Preface/Prologue Summary
Last Updated on April 25, 2022, by eNotes Editorial. Word Count: 709
In Guns, Germs, and Steel, Jared Diamond sets out to explain why people from Eurasia, and not people from other continents, conquered much of the rest of the world. At the outset of the book, Diamond rejects the idea that any moral, intellectual, or genetic factor could have produced a race of inherently superior people. Instead, he argues that environmental and geographical factors allowed Eurasians to advance faster than their counterparts elsewhere.
Diamond explains that he became interested in exploring the historical inequalities between human societies in July 1972, when he was studying bird evolution in New Guinea. One day, he was walking along a beach, and he struck up a conversation with a charismatic New Guinean politician named Yali. In New Guinea, people were still using Stone Age technology when European explorers arrived 200 years ago. New Guineans immediately recognized the value of European tools, weapons, clothing, and so on, which they referred to as cargo. Yali asked:
Why is it that you white people developed so much cargo and brought it to New Guinea, but we black people had little cargo of our own?
Diamond could not answer Yali’s question. However, Diamond felt immediately that it was an important question—especially when he considered it on a world scale and not just as a comparison between Europeans and New Guineans. Diamond expands the question as follows:
Why did wealth and power become distributed as they now are, rather than in some other way? For instance, why weren’t Native Americans, Africans, and Aboriginal Australians the ones who decimated, subjugated, or exterminated Europeans and Asians?
As he begins to attempt to answer these questions, Diamond notes that the archaeological record suggests that technology on all of the habited continents looked about the same in 11,000 BCE, at the end of the last ice age, but that something changed after that. By 1500 CE, Eurasians had developed far more technology than the residents of other continents. Diamond states that he wants to explain why technology and society developed so differently on different continents.
Before beginning his argument, Diamond pauses to refute several possible objections to his line of questioning. He points out that he is seeking to explain why Eurasians became so dominant in the world, not to justify the behavior of colonialists. He promises to describe interactions between non-European racial groups, not just between European colonialists and others, to avoid a Eurocentric worldview. Finally, he claims that he does not consider technological societies inherently better than hunter-gatherer societies. He merely makes an effort to understand why technological societies have tended to conquer their hunter-gatherer neighbors and why some societies developed more technology on their own than others did.

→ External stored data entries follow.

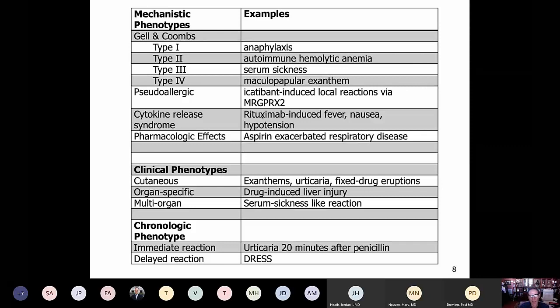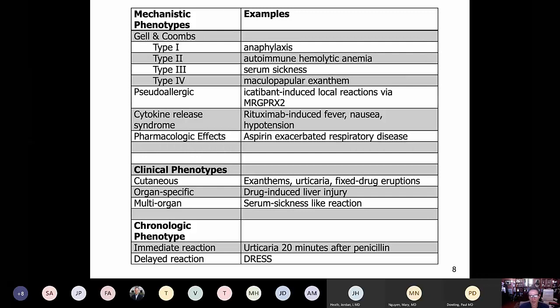The classification of drug hypersensitivity reactions is complicated because we classify them according to different schemes — mechanistically, by clinical presentation, or by chronology. The most common is still the old Gell-Coombs hypersensitivity from the 1960s: Type 1 is IgE-mediated anaphylaxis, Type 2 is autoimmune hemolytic anemia, Type 3 is serum sickness, and there are multiple subtypes of Type 4 reactions. Other reactions include pseudo-allergic, cytokine release syndrome from biologics, and pharmacologic effects like aspirin-exacerbated respiratory disease.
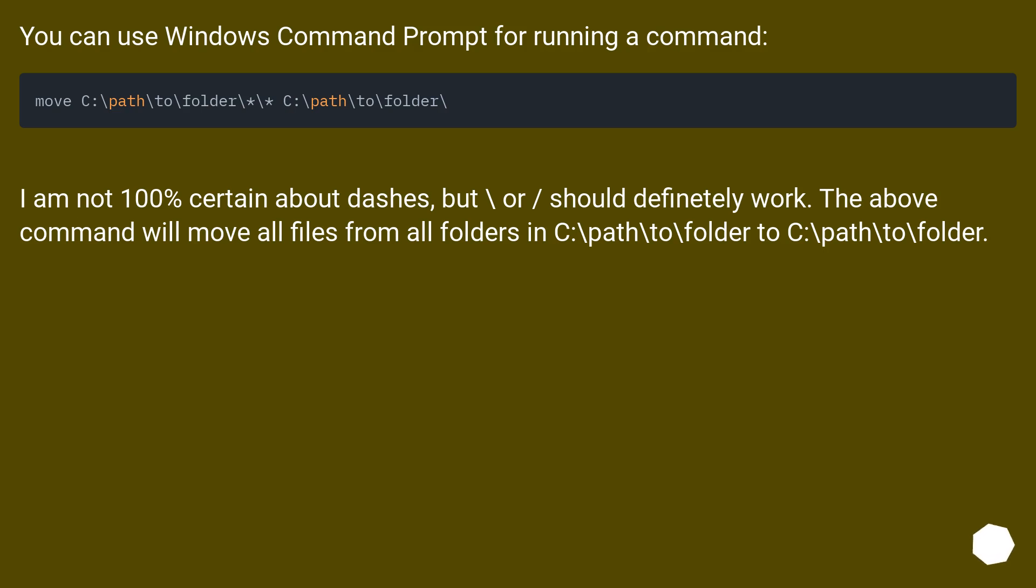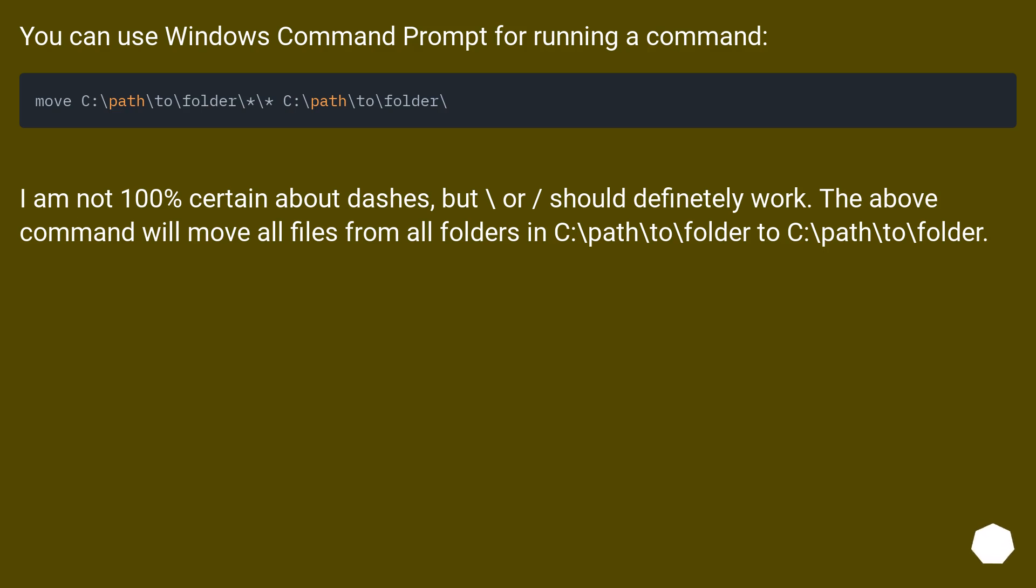You can use Windows Command Prompt for running a command. I am not 100% certain about dashes, but \or\ or /should definitely work. The above command will move all files from all folders in C:\path\to\folder to C:\path\to\folder.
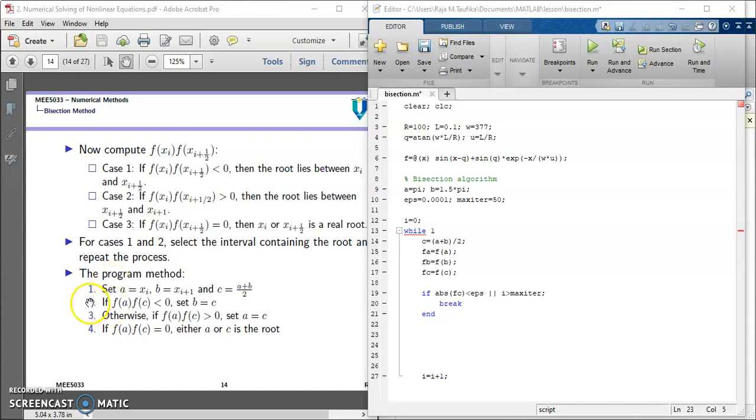We already described line number 1 of the algorithm. Now we are going to describe line number 2, 3, and 4.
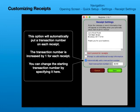This option will automatically put a transaction number on each receipt. The transaction number is increased by one for each receipt. You can change the starting transaction number by specifying it here.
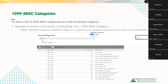You aren't able to add or delete any of the categories, as they are the specific categories provided by the IRS for the filings. However, you do have the ability to update the threshold to make it more applicable for your reporting requirements.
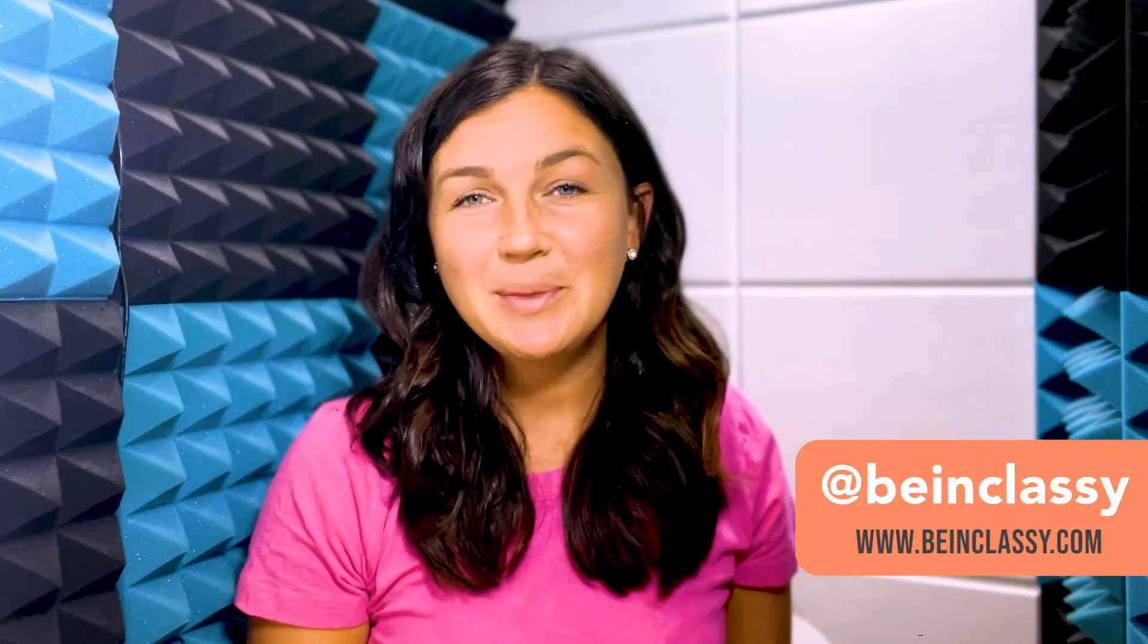Hey everyone, welcome to Being Classy. My name is Jessica and in this video I want to show you how to group or ungroup objects together in Canva.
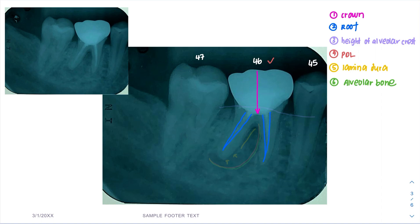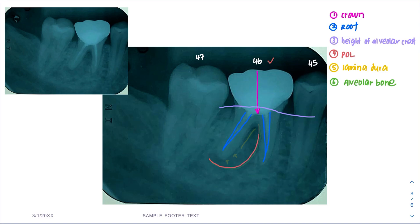Next is the height of the alveolar crest. The height of the alveolar crest has no relevant finding. The fourth one is the periodontal ligament space. The periodontal ligament space — you can see — is widening at the apex and extends until the furcation area.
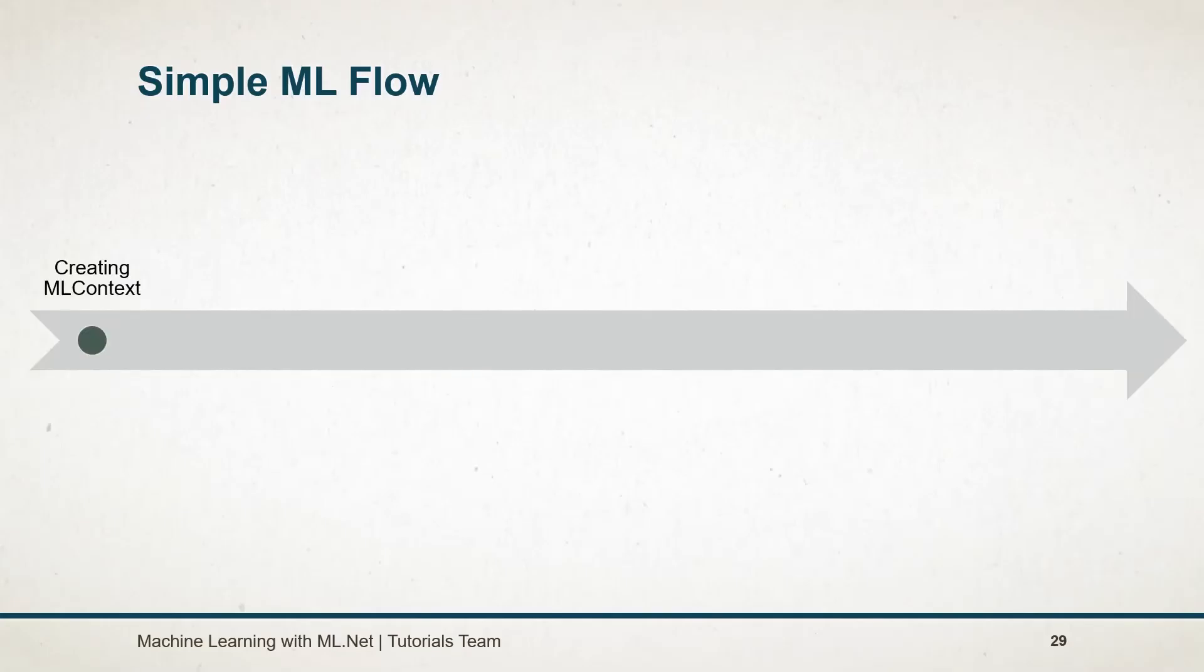The first step will be create an instance of ML context. Without this, we cannot perform further operations.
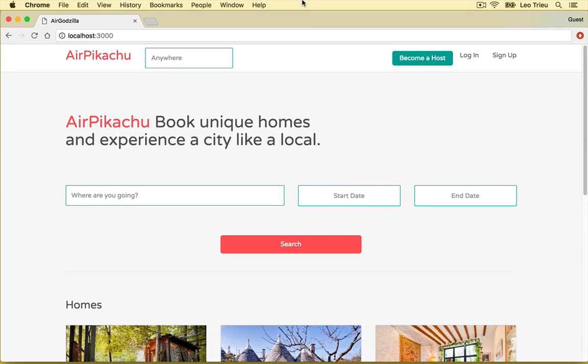Hey guys, it's Leo Chiu from Code for Startup. Today I'm so excited to show you guys a demo of AirPikachu, the first project in the Airbnb 2 series.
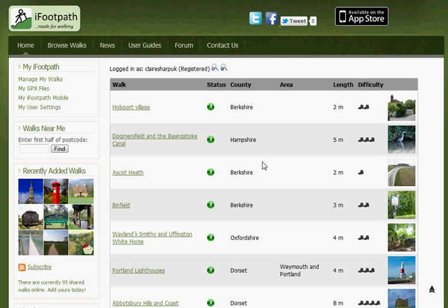Click OK to continue. The walk has now gone to the iFootpath administrators, and we will get back to you as soon as we can to confirm whether any changes are needed, or whether your walk has been published. I hope this has been helpful. Remember, there are full user guides on our website, as well as frequently asked questions. Or if in any doubt, please just email us at admin@iFootpath.com and we'll do everything we can to help. Thanks again for supporting iFootpath.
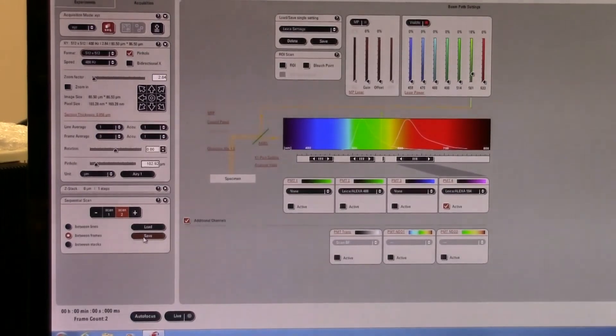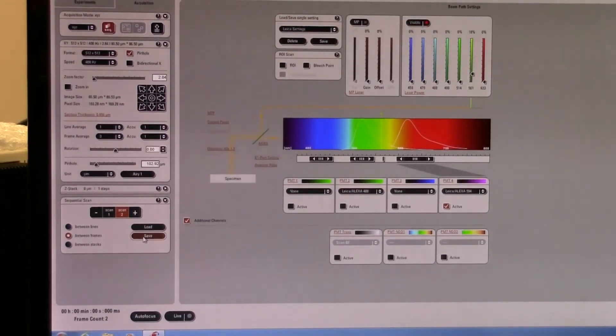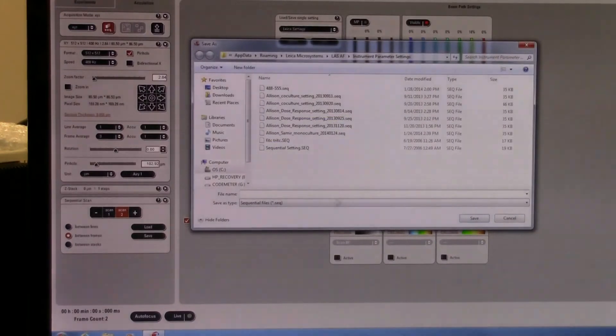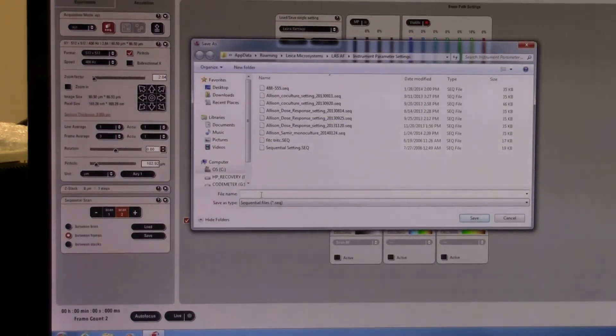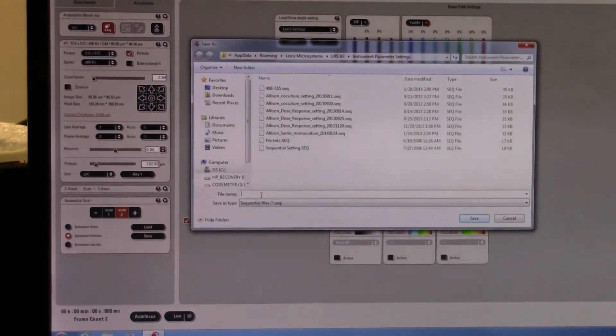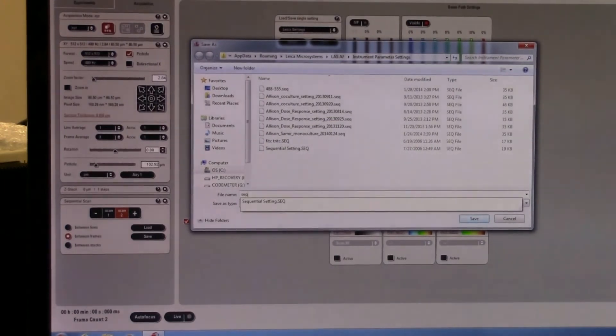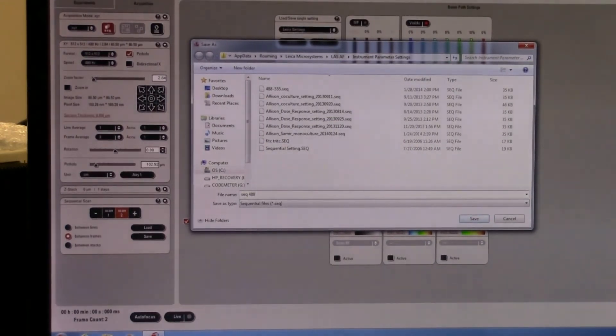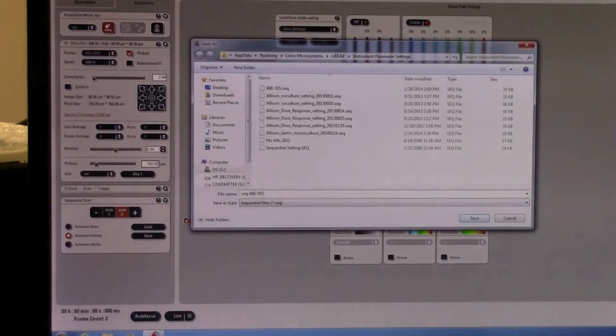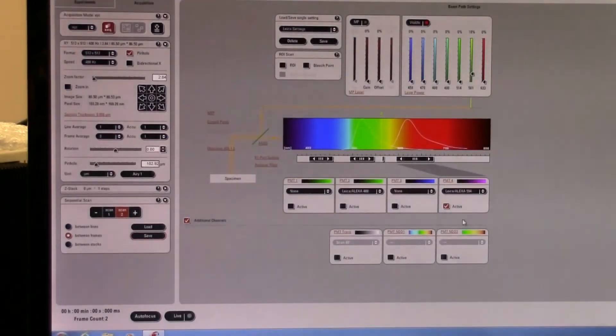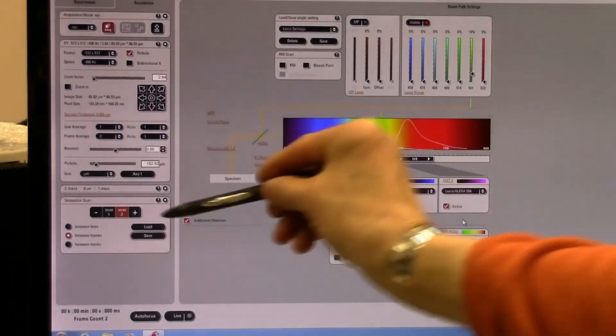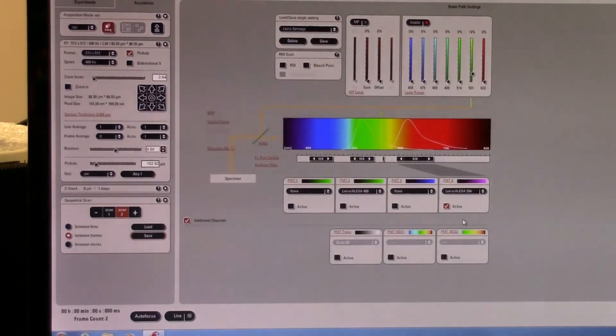I'm going to press save. This is going to give us a sequential scan setting and I'll name that. Once you've saved the setting once, you can just load it in the future if you're redoing the same experiment again.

Diamond claims that his book is an important replacement to earlier books about human societies, which do not try to explain why history played out the way it did. He feels that in the absence of a coherent explanation for these events, students of history are too likely to fall into conscious or unconscious assumptions of inherent racial, moral, or intellectual differences between peoples. Diamond’s own interactions with modern hunter-gatherers on biological research trips have led him to believe that there are no such inherent differences—and if there are such differences, he feels that the hunter-gatherers have a slight edge.
Diamond goes on to consider and refute a few other arguments about why Eurasians developed more technology than anyone else had by 1500 CE. He does not believe that Eurasian technologies advanced because of cold weather or because of early societies’ placement around rivers. He says that previous historians were on the right track when they proposed that the existence of Eurasian weapons, steel, manufacturing, and infectious diseases enabled Eurasian dominance. However, Diamond points out that these theories do not explain why Eurasians had technology and diseases that the members of other cultures did not. Why did this set of elements arise in Eurasia and not in Africa, where people had lived the longest?
In answer to this question, Diamond proposes that environmental differences between the continents made the faster advancement of Eurasia’s people inevitable. He says his extensive background as an evolutionary biologist—along with his curiosity, sparked by Yali’s question—make him the right person to explain why.